• Material solutions for reduced CO2 emissions;
• Cost-effective processing in large-scale series production.
At the VDI conference “Plastics in Automotive Engineering” in Mannheim, LANXESS will showcase tailor-made high-tech thermoplastics for sustainable mobility. These will focus in equal measure on gasoline-, diesel- and gas-driven cars as well as electrical and hybrid vehicles. “Whether it’s in drive system, lightweight design or electrical and electronic systems, our innovations are designed to improve the efficiency and performance of vehicles, enabling a reduction in CO2 emissions and thus making the vehicles more environmentally friendly. At the same time, our materials provide cost-effective component solutions that are suitable for large-scale series production,” explains Martin Wanders, head of global applications development in the High Performance Materials (HPM) business unit at LANXESS.

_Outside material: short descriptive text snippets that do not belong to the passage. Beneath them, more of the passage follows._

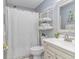 Clean, well-lit bathroom with fresh white towels, a sleek vanity, and a decorative shower curtain at 5 Old Barge Dr., Pawleys Island, SC 29585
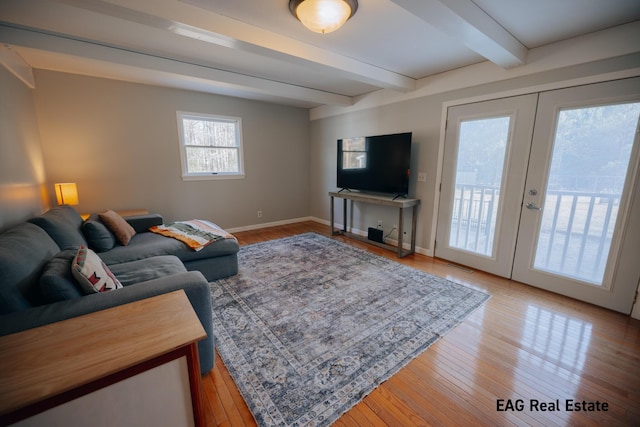 living area featuring visible vents, baseboards, light wood finished floors, french doors, and beamed ceiling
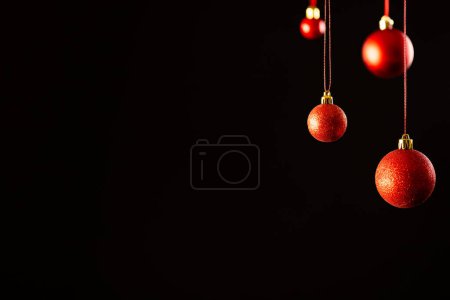 Téléchargez les photos : Boules de Noël rouges avec espace de copie sur fond noir. Noël, décorations, concept de tradition et de célébration. - en image libre de droit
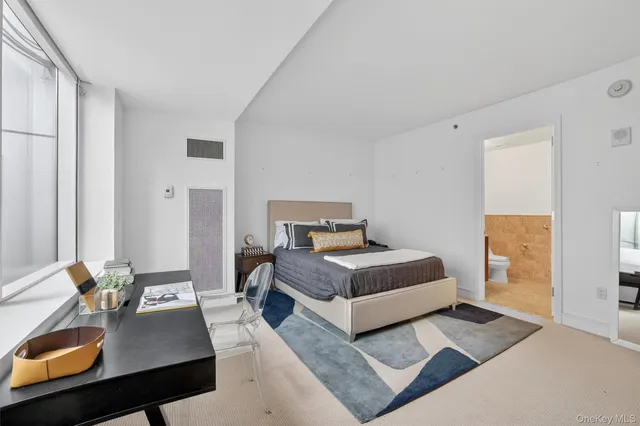 a bedroom with a bed table and a window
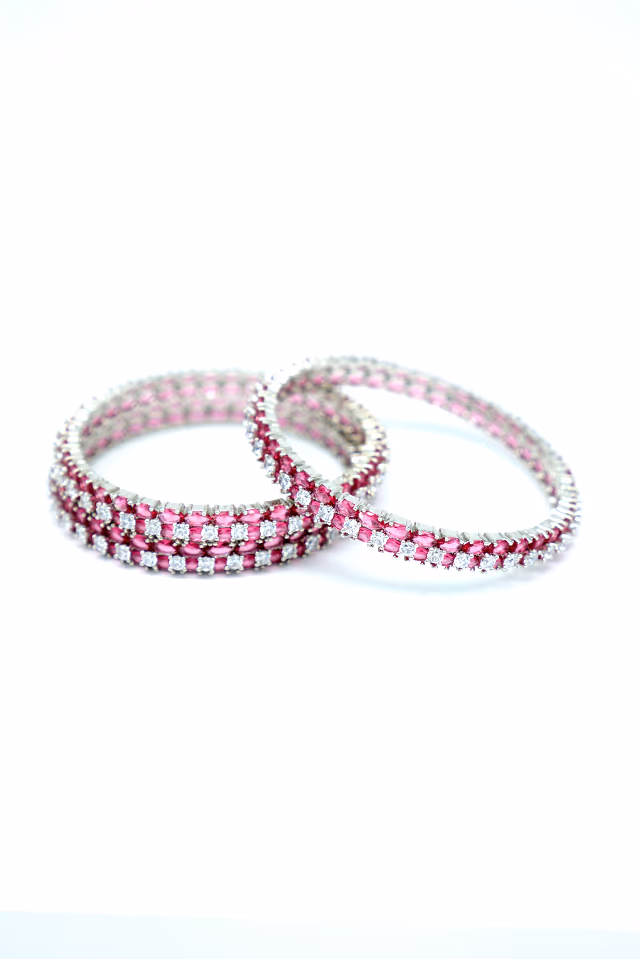 Add A Touch Of Sophistication To Your Look With These Sparkling Dark Pink And Silver Toned Bangles — rent in Calicut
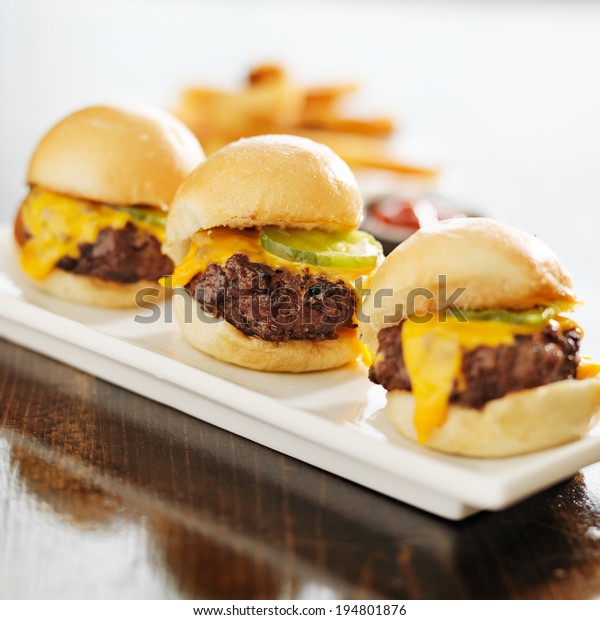 three burger\
sliders with cheese and\
pickle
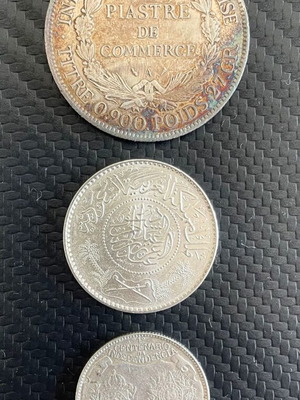 Silver coins French Indochina 1 Piastre 1909, Saudi Arabia 1 Riyal 1950, Brazil 2000 Réis 1922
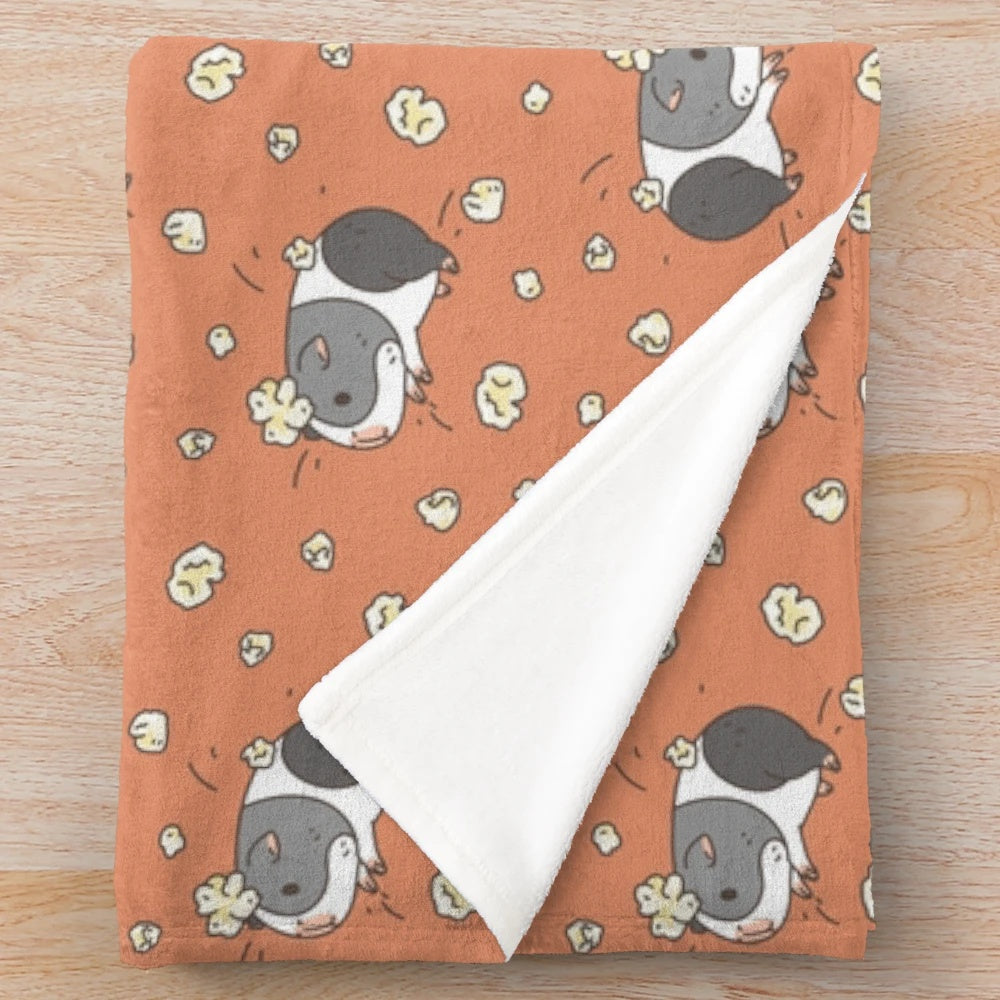 Cute gray and white guinea pig popcorning on a plush blanket with a kawaii pattern design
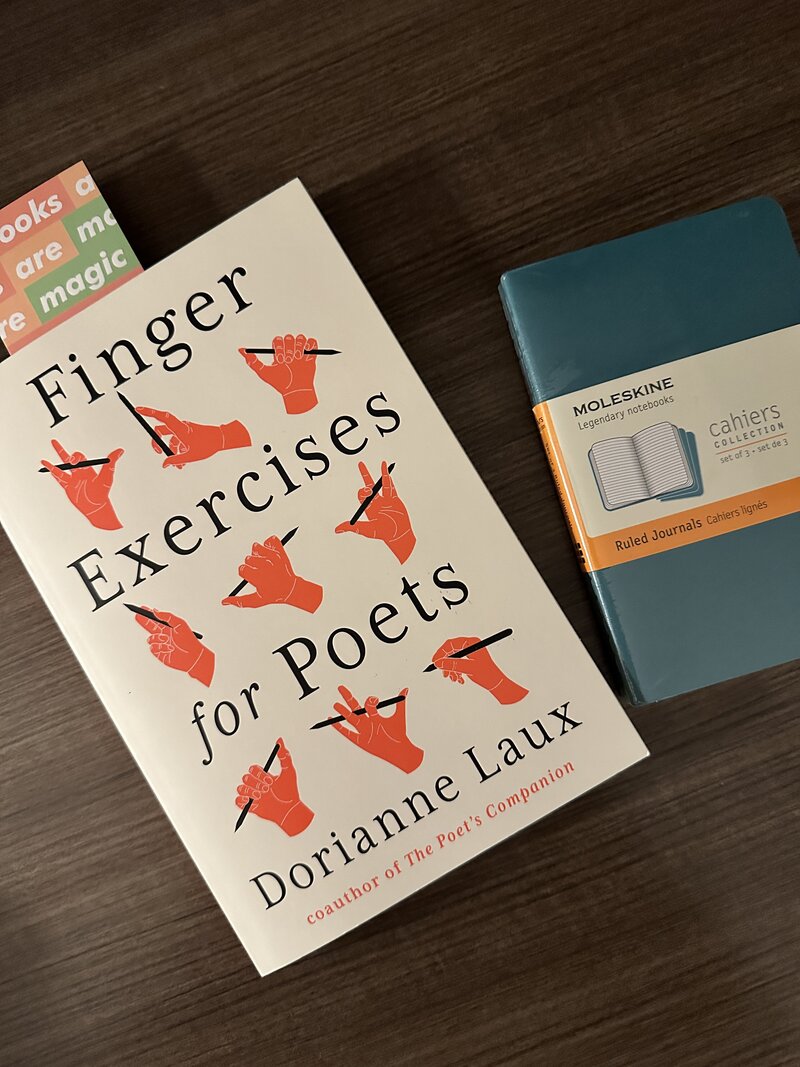A photo of a book called "Finger Exercises for Poets" by Dorianne Laux on the left, with a Moleskine notebook for writing on the right.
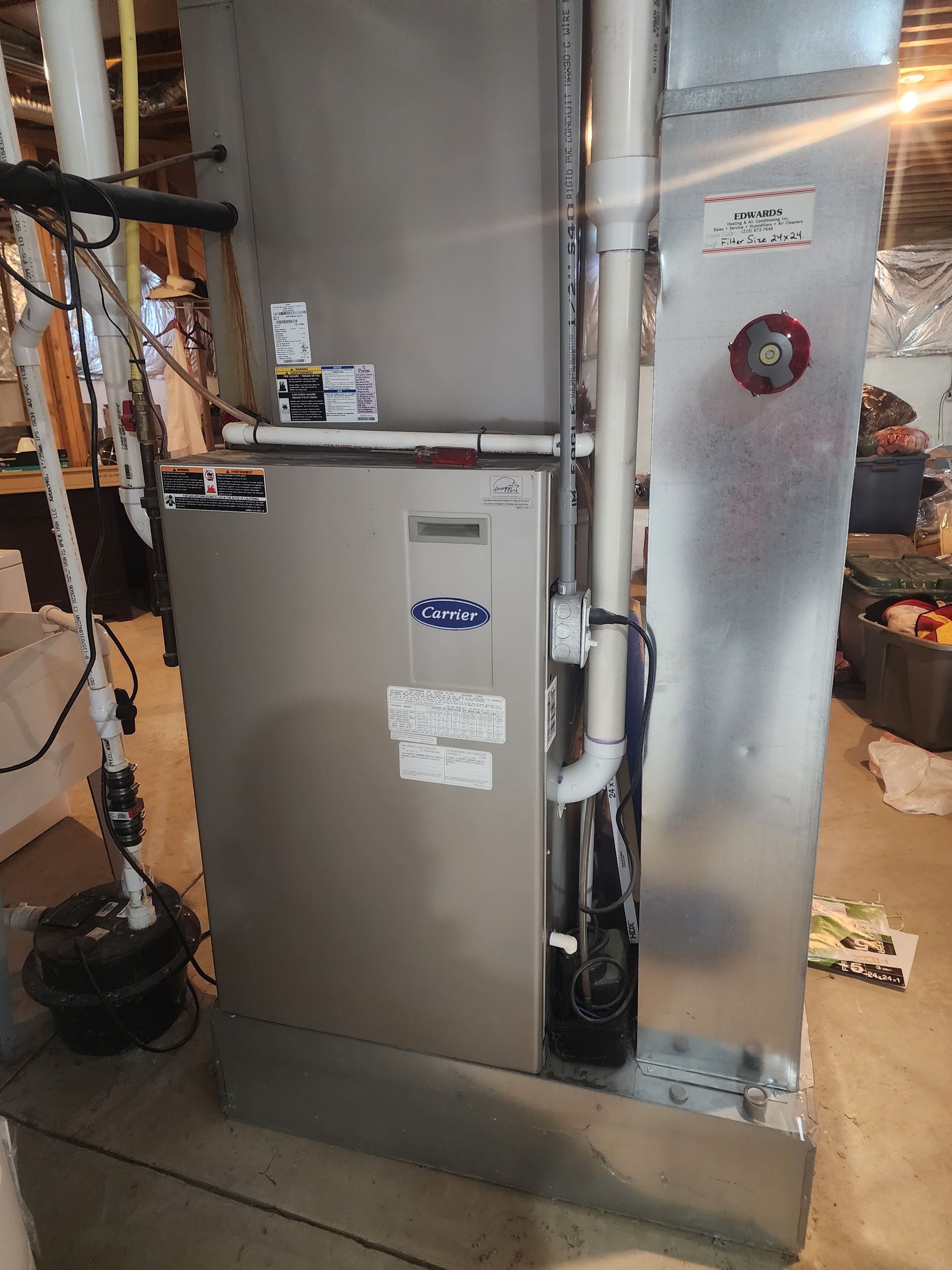 A silver air conditioner is sitting in a basement.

Series-tested lightweight design using thermoplastic composite sheets
In Mannheim, LANXESS will use the example of a battery console for vans to highlight the incredible potential that the Tepex brand of continuous-fiber-reinforced semi-finished thermoplastic composites offers for the lightweight design of highly load-resistant components. The console is created using the DLFT process (Direct Long Fiber Thermoplastic), with Tepex as reinforcing overlay. “Thanks to Tepex, the component passes a more stringent crash test both in freezing conditions and at high temperatures unlike a previous DLFT design using a different reinforcing material,” says Wanders.
A sports car seat shell manufactured using Tepex will also be used to demonstrate the benefits of hybrid molding. In this process, semi-finished composites are both formed and overmolded in an automated one shot process in the injection mold. “The highly integrated component is considerably more lightweight than a metal component solution while giving the same performance. It also provides a lower, more sporty seat position for the driver,” explains Wanders.
New hydrolysis-stabilized PBT grades for vehicle electronics
Another key area for LANXESS is hydrolysis-stabilized PBT compounds for automotive electrical and electronic systems and new, thermally conductive polyamides. One material innovation, for example, is the hydrolysis-stable and extremely flame-retardant grade Pocan BF 4232 HR. “The compound achieves outstanding results in all the colors tested in the UL 94 flame retardance test of the U.S. testing organization Underwriter Laboratories, making it ideal for components in electric drive systems, for instance,” explains Wanders.
First applications for thermally conductive polyamides
LANXESS will be using the example of a motor flange for a car internal ventilation drive to show the benefits of the thermally conductive Durethan BTC 75 H3.0 EF polyamide 6. “This material conducts heat approximately five times better than a standard polyamide 6 with 30 percent glass fiber reinforcement and is an alternative to polyamide 6 compounds with aluminum oxide or boron nitride as heat-conducting filler,” explains Wanders.
New to the range polyamide 66 with 60 percent glass fibers
LANXESS will also present a highly reinforced polyamide 66 with 60 percent glass fibers. Wanders: “Durethan AKV 60 XF exhibits exceptionally high stiffness and strength, brings an outstanding high long-term service temperature and is still easy flowing, despite the filler content. It exhibits great potential for replacing metal, particularly for structural components that are subject to high dynamic stress.”
LANXESS (lanxess.com) is a leading specialty chemicals company with sales of EUR 8.0 billion in 2014 and about 16,300 employees in 29 countries. The company is currently represented at 52 production sites worldwide. The core business of LANXESS is the development, manufacturing and marketing of plastics, rubber, intermediates and specialty chemicals. LANXESS is a member of the leading sustainability indices Dow Jones Sustainability Index (DJSI World) and FTSE4Good.